Le général commençait à satisfaire son appétit; il fit connaissance avec les enfants, qu'il prit fort en gré et avec lesquels il sortit après le déjeuner. Jacques le mena voir Torchonnet chez le curé. Mais Torchonnet avait subi un changement qui ne lui permettait plus de conserver son nom. La servante du curé, très bonne femme, et qui plaignait depuis longtemps le pauvre enfant, l'avait nettoyé, peigné; elle s'était procuré du linge blanc, un pantalon propre, une blouse à ceinture, de gros souliers de campagne. Le curé l'avait baptisé et lui avait donné le nom de Pierre. Toute crainte avait disparu; Pierre Torchonnet avait l'air enchanté, et ce fut avec une grande joie qu'il vit arriver Jacques et le général. Ce dernier apprit, en questionnant Torchonnet, combien Jacques avait été bon pour lui, et la part que lui et Moutier avaient prise à sa délivrance. Le général écoutait, questionnait, caressait Jacques, serrait les mains du curé.

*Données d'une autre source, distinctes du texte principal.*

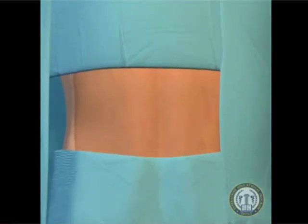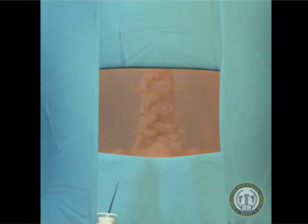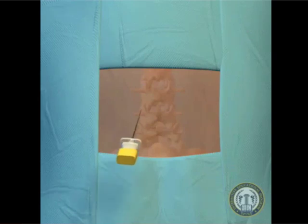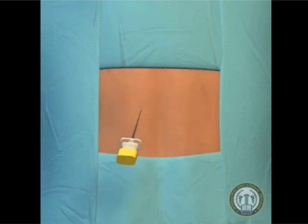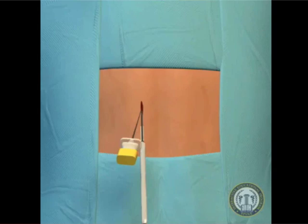After the patient is draped, a 22-gauge spinal needle is inserted into the skin directly over the ipsilateral disc space of interest. The needle is used to identify the trajectories of the screw placement and to ensure an accurate extent of the incision. For a single-level procedure, a 2.5-centimeter skin incision is centered over this point.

LE GÉNÉRAL.—Monsieur le curé, je ne connais pas un homme qui eût fait ce que vous faites pour ce garçon, et pas un qui eût donné à Jacques l'instruction et l'éducation que vous lui avez données. Vous êtes un bon, un estimable curé, je me plais à le reconnaître.
LE CURÉ.—J'ai été si bien secondé par Mme Blidot et son excellente soeur, que je ne pouvais faire autrement que de réussir.
LE GÉNÉRAL.— A propos de la petite soeur, je la marie.
LE CURÉ.—Vous la mariez? Elfy! pas possible!
LE GÉNÉRAL.—Et pourtant, c'est comme ça! C'est moi qui dote le marié; ce nigaud ne voulait pas, parce qu'elle a quelque chose et qu'il n'a rien. J'ai trouvé la chose si bête que je me suis fâché et que je lui ai donné vingt mille francs pour en finir. C'est lui maintenant qui est le plus riche des deux. Bonne farce, ça!
LE CURÉ, souriant.—Mais qui donc Elfy peut-elle épouser? Elle refusait tous les jeunes gens qui se présentaient; et quand nous la grondions, sa soeur et moi, de se montrer si difficile, elle répondait toujours: «Je ne l'aime pas». Et si j'insistais: «Je le déteste». Puis elle riait et assurait qu'elle ne se marierait jamais.